▶ **Supplied material**:
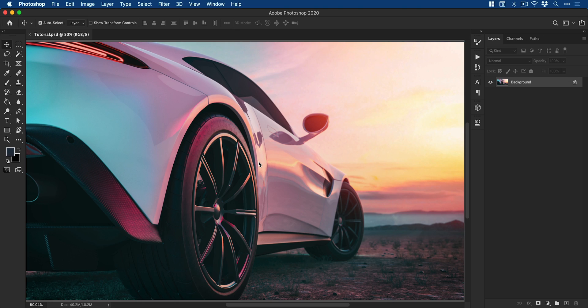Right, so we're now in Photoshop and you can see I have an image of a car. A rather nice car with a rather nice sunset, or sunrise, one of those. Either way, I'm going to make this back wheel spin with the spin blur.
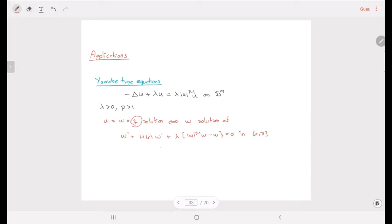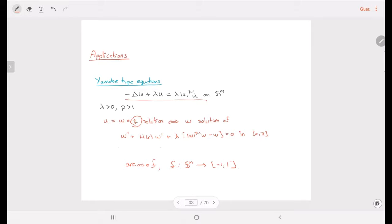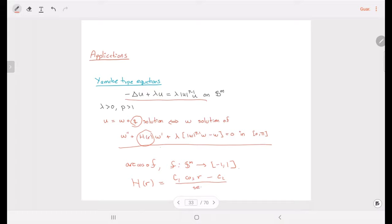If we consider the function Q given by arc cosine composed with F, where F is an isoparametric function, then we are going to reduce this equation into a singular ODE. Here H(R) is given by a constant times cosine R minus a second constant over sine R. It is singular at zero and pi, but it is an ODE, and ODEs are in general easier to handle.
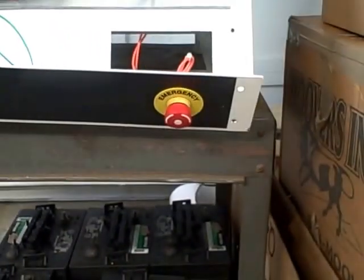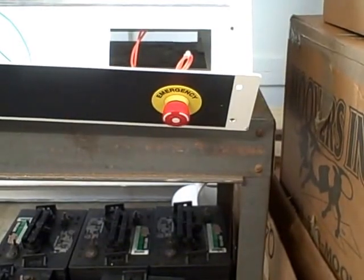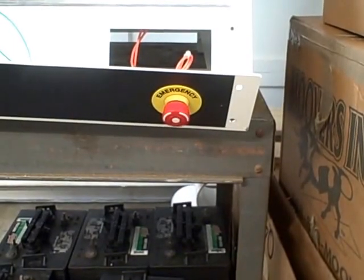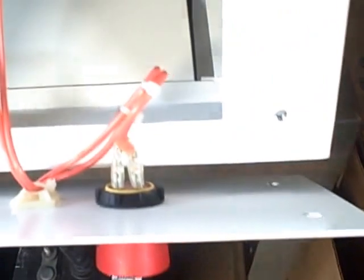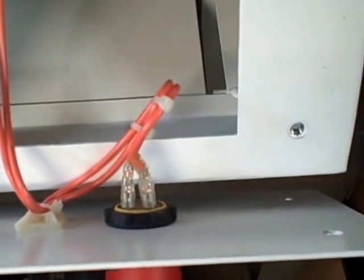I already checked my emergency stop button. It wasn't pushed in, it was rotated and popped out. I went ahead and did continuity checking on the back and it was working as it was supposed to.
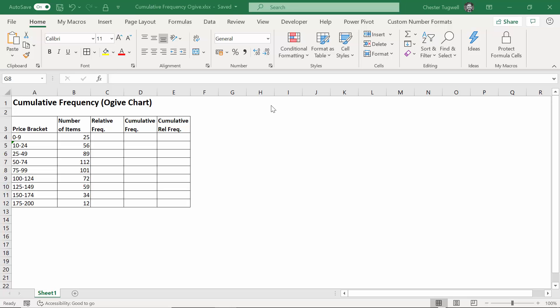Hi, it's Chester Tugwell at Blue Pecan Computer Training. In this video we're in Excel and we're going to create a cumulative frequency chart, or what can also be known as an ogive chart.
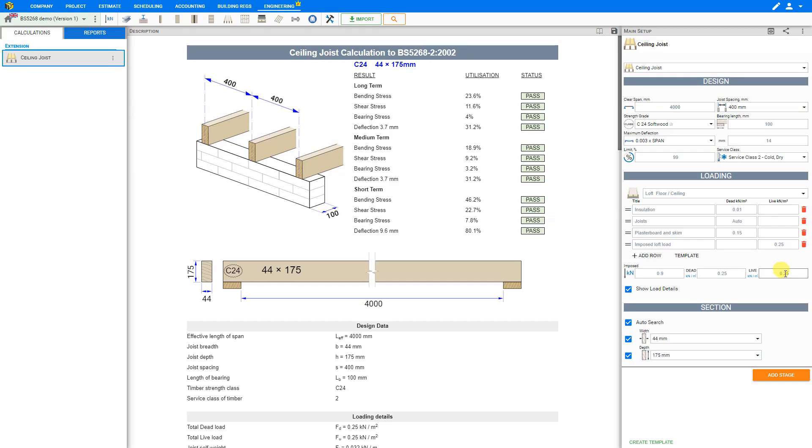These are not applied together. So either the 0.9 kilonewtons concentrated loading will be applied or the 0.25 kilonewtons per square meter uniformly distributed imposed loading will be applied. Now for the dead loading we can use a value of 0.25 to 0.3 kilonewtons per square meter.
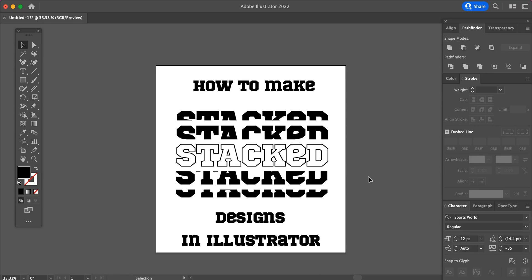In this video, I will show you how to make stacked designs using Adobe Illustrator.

▶ **Task instructions**: What you write must match, line for line, the lines from the one with "If we consider" through the last line of the data above, minus the pictures.

▶ **Exercise output**:
If we consider the function Q given by arc cosine composed with F, where F is an isoparametric function, then we are going to reduce this equation into a singular ODE. Here H(R) is given by a constant times cosine R minus a second constant over sine R. It is singular at zero and pi, but it is an ODE, and ODEs are in general easier to handle.
I already checked my emergency stop button. It wasn't pushed in, it was rotated and popped out. I went ahead and did continuity checking on the back and it was working as it was supposed to.
Hi, it's Chester Tugwell at Blue Pecan Computer Training. In this video we're in Excel and we're going to create a cumulative frequency chart, or what can also be known as an ogive chart.
These are not applied together. So either the 0.9 kilonewtons concentrated loading will be applied or the 0.25 kilonewtons per square meter uniformly distributed imposed loading will be applied. Now for the dead loading we can use a value of 0.25 to 0.3 kilonewtons per square meter.
In this video, I will show you how to make stacked designs using Adobe Illustrator.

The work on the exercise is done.